Los esfuerzos de Antoni Griera en Alemania se habían centrado siempre, sobre todo, en el campo de la lingüística, desde que en 1908 se trasladó a la Universidad de Halle, con el fin de estudiar metodología científica en el campo de la romanística para aplicarla en los estudios del catalán. Esta universidad era entonces la única en Alemania que impartía cursos de este idioma, impulsados por el filólogo Bernhard Schädel y con el apoyo político de Prat de la Riba, por entonces presidente de la Diputación de Cataluña. Cuando, por diferentes razones, este proyecto fracasó, Antoni Griera consiguió poner en marcha, en otras universidades alemanas, nuevos cursos de catalán, aprovechando el auge de los estudios de romanística. A Antoni Griera se debe, en parte, el que muchos jóvenes alemanes, sobre todo en los años veinte, estudiaran catalán y viajaran a Cataluña o a ámbitos lingüísticos catalanes como las islas Baleares. Walther Spelbrink fue uno de aquellos jóvenes. Pero no el único.

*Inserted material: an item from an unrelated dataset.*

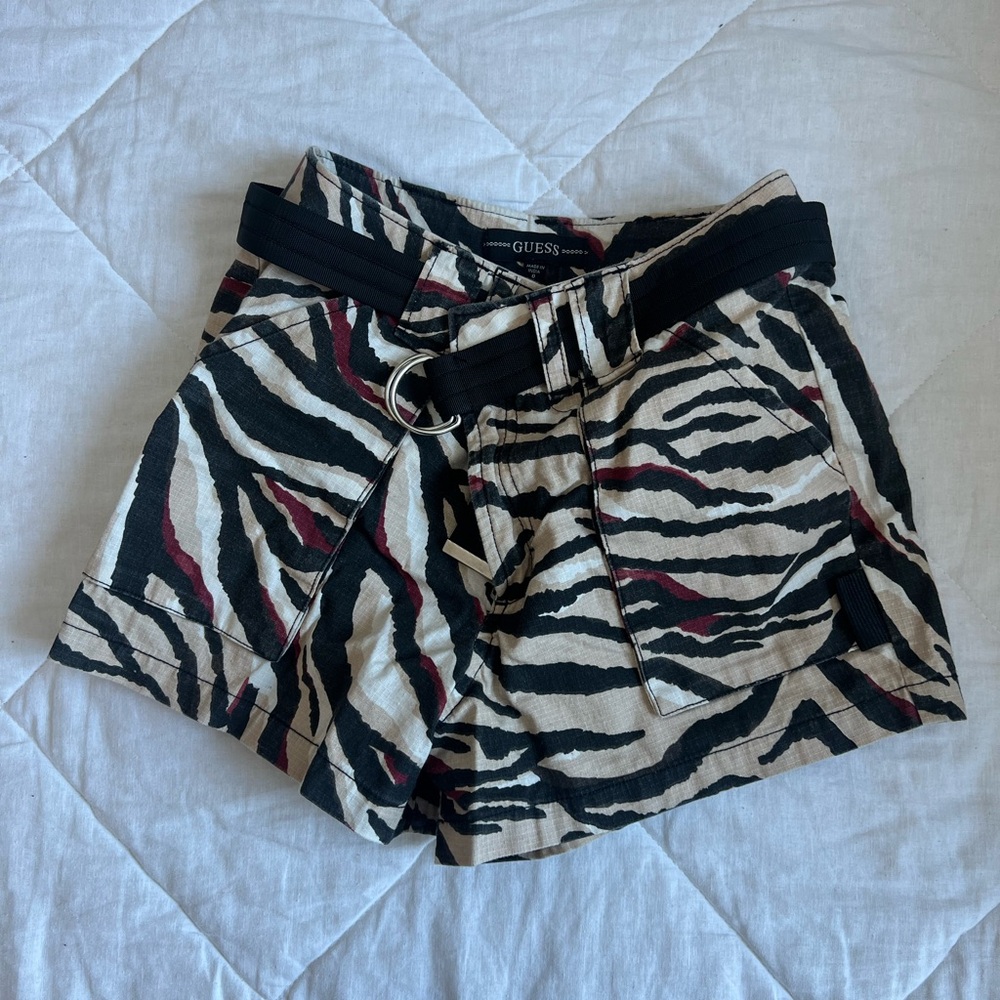 Guess Zebra Print Women Shorts with belt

Sólo unos meses después de la partida de Spelbrink, a principios de marzo de 1932, otro joven filólogo alemán llegó a Ibiza, también hablando catalán y también con una carta de recomendación de Antoni Griera para el investigador local Isidoro Macabich. Se trataba de Hans Jakob Noeggerath, quien llegó acompañado por su padre, Felix Noeggerath, y por la mujer de éste –su tercera mujer, Marietta, condesa de Westarp–27. Se instalaron en una modesta casa situada en la magnífica bahía de San Antonio, un pueblo pequeño y tranquilo, en la costa oeste de la isla. El objeto de su investigación, guiada por el romanista Ernst Gamillscheg, profesor de la Universidad de Berlín y buen amigo de Antoni Griera, era la tradición oral del campesinado ibicenco: canciones, cuentos, leyendas y refranes.

El padre de este joven filólogo, Felix Noeggerath, doctor en filosofía, era amigo de Walter Benjamin desde 1916. Se habían conocido en Múnich, ciudad en la que Benjamin residió durante algunos meses y en cuya universidad participaron ambos como alumnos de un curso muy especial –al que sólo se accedía mediante invitación– sobre la cultura y la lengua del antiguo México. En aquel curso, en el que también se encontraba como invitado el poeta Rainer Maria Rilke, tuvieron ocasión de iniciar una amistad basada sobre todo en la mutua admiración. Benjamin le llamaba, desde esa época, «el genio», pues sus estudios acogían, con el mismo entusiasmo y rigor, disciplinas tan variadas como la teología y la psicología, la historia y la filosofía, la lingüística y las matemáticas.

Casi no se habían vuelto a ver desde entonces, aunque ahora ambos vivían en Berlín. Pero durante un encuentro casual, en febrero de 1932, Felix Noeggerath le habló de la tesis de su hijo Hans Jakob y de su inmediato viaje a Ibiza. La predisposición de Benjamin para, en cualquier momento, abandonar la ciudad y salir de viaje, en aquel periodo crítico de su vida, no podía ser más favorable. A principios del mes de abril, consiguió reunir algún dinero, puso en la maleta unos cuantos libros y el cuaderno en el que había empezado a escribir los primeros apuntes de «Crónica de Berlín» y se fue a Ibiza, donde la familia Noeggerath ya lo estaba esperando.